The opinion of the Court was delivered by

GARIBALDI, J.

This appeal requires us to interpret provisions of the New Jersey Corporation Business Tax Act, N.J.S.A. 54:10A-1 to -40. Under the Act, the tax is measured by a corporation's net worth and net income. This case concerns the calculation of net income. Specifically, at issue is N.J.S.A. 54:10A-4(k)(1) (section 4(k)(1)), which provides that 100% of the dividends that a corporate taxpayer receives from a subsidiary owned by the taxpayer "to the extent of 80% or more ownership of investment" shall be excluded from the taxpayer's net income. The critical question is whether section 4(k)(1) requires direct record ownership of 80% of a subsidiary's stock or whether it is permissible for the corporate taxpayer and its wholly-owned subsidiary to aggregate the stock that they own in the dividend-paying subsidiary in order to satisfy the 80% ownership test.

I

The facts are stipulated. International Flavors and Fragrances, Inc. (IFF), a New York corporation authorized to do business in New Jersey, is subject to the New Jersey Corporation Business Tax Act. During 1975 and 1976, the tax years in issue, IFF owned 100% of the capital stock of International Flavors &Fragrances IFF (Nederland) B.V. (IFF-Holland), 30% of the capital stock of International Flavors & Fragrances IFF (France) S.A.R.L. (IFF-France), and 63% of the capital stock of I.F.F. Essencia & Frangrancias Ltda. (IFF-Brazil). IFF's wholly-owned subsidiary IFF-Holland owned all of the remaining stock of IFF-Brazil and IFF-France.
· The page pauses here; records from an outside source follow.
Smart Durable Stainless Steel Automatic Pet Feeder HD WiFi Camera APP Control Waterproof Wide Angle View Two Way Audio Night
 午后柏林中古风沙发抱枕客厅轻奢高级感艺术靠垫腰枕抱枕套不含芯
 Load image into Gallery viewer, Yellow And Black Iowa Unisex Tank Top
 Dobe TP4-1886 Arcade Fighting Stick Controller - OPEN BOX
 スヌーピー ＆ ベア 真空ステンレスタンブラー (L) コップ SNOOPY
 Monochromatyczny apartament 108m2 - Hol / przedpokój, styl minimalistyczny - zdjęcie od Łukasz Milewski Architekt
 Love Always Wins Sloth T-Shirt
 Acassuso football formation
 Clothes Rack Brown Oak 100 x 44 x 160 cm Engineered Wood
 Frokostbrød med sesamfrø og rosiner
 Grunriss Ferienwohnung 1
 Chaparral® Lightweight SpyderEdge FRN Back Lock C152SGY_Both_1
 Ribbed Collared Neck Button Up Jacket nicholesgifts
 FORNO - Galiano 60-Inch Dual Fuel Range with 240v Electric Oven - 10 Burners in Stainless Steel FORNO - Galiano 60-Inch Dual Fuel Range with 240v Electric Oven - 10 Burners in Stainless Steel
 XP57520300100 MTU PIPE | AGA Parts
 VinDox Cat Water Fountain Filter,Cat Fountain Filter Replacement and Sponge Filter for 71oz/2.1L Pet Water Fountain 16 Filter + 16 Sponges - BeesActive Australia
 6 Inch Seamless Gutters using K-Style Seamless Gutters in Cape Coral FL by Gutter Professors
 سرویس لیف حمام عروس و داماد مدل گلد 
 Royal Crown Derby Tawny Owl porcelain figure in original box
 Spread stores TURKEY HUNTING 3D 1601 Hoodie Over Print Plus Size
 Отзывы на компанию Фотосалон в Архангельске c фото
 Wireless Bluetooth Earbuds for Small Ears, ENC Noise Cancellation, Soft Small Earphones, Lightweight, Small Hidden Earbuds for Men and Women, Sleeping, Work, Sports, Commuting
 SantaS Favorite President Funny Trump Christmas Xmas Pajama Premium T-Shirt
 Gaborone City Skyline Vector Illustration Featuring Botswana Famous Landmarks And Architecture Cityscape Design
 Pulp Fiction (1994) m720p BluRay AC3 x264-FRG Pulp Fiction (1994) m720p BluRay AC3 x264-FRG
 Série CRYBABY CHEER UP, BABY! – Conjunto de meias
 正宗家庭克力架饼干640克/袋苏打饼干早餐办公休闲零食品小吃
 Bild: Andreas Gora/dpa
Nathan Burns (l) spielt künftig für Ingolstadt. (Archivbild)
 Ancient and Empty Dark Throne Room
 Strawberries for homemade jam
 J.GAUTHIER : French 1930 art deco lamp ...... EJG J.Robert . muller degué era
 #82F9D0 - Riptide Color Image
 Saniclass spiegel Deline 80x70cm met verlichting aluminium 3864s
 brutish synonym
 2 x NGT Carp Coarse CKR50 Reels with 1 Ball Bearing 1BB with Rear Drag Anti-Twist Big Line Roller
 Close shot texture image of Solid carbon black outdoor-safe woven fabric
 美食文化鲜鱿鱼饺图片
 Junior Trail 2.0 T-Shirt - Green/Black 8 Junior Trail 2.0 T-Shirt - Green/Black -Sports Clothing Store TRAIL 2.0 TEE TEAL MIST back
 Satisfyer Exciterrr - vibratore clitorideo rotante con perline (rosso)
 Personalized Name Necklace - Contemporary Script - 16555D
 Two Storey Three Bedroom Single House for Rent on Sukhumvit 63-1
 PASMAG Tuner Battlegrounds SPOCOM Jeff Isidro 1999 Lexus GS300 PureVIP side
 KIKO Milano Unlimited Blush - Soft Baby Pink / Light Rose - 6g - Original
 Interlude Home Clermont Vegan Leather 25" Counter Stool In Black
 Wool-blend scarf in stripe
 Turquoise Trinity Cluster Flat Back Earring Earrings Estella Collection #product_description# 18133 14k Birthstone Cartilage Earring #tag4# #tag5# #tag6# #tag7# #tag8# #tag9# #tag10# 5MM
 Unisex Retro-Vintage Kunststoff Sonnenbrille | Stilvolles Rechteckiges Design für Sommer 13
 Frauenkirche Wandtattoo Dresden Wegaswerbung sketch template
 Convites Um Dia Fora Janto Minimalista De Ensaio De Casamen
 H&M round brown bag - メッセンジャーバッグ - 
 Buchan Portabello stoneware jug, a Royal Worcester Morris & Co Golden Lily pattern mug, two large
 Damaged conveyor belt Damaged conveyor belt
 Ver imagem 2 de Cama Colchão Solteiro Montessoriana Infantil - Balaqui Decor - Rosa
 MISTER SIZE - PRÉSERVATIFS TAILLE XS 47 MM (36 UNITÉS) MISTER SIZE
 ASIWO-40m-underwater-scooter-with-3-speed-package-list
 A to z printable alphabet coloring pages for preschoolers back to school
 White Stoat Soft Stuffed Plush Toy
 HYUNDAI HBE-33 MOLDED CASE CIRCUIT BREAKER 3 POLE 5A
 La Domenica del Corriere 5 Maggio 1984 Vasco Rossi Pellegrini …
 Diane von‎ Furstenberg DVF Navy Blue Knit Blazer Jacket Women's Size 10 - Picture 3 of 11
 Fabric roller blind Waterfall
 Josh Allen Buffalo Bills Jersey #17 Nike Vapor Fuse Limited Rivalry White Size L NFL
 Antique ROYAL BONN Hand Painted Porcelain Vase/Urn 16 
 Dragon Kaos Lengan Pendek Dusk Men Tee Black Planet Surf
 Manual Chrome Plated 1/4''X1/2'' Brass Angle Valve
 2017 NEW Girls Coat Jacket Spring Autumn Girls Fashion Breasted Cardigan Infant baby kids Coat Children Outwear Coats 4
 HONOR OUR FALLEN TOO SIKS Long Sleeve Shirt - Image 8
During the tax years 1975 and 1976, IFF received dividends from IFF-France and IFF-Brazil that it included in its taxable income for federal income-tax purposes. 1 On its New Jersey corporation business-tax return, IFF excluded from its entire net income-tax base 100% of the dividends that it received from IFF-France and IFF-Brazil pursuant to section 4(k)(1). 2

The Director of the New Jersey Division of Taxation, Department of the Treasury (the Director), took the position that "80% or more ownership of investment" required that IFF be the direct record owner of the stock of IFF-Brazil and IFF-France. Consistent with this interpretation, the Director issued a final determination that IFF had underreported its net income-tax base by failing to include 50% of the dividends that it had received from IFF-France and IFF-Brazil during the tax years in issue. 3 The Director, therefore, assessed additional taxes and interest for those years. IFF filed a complaint with the Tax Court, contending that it met the "80% or more ownership of investment" test by aggregating IFF and IFF-Holland's direct ownership of stock in IFF-France and IFF-Brazil. Thus, IFF argues that it was entitled to the 100% dividend exclusion from net income even though it was not the record owner of 80% of the stock of IFF-Brazil and IFF-France, because the remainder of the stock of those corporations was owned by IFF-Holland, its wholly-owned subsidiary.

The Tax Court held that IFF-France and IFF-Brazil were 80%-owned subsidiaries of IFF under section 4(k)(1) and therefore IFF was entitled to the 100% dividend exclusion. 5 N.J.Tax 617 (1983). In a published per curiam opinion, the Appellate Division affirmed, 7 N.J.Tax 652, essentially for the reasons stated in the Tax Court's opinion, with a brief additional discussion of Fedders Fin.Corp. v. Director, Div. of Taxation, 96 N.J. 376, 476 A.2d 741 (1984), and Mobay Chem. Corp. v. Director, Div. of Taxation, 96 N.J. 407, 476 A.2d 758 (1984).

II

The New Jersey Corporation Business Tax Act, N.J.S.A. 54:10A-1 to -40, enacted in 1945, requires a corporation to pay a franchise tax "for the privilege of having or exercising its corporate franchise in this State, or for the privilege of doing business, employing or owning capital or property, or maintaining an office, in this State." N.J.S.A. 54:10A-2. The tax is assessed on the basis of entire net income. N.J.S.A. 54:10A-5.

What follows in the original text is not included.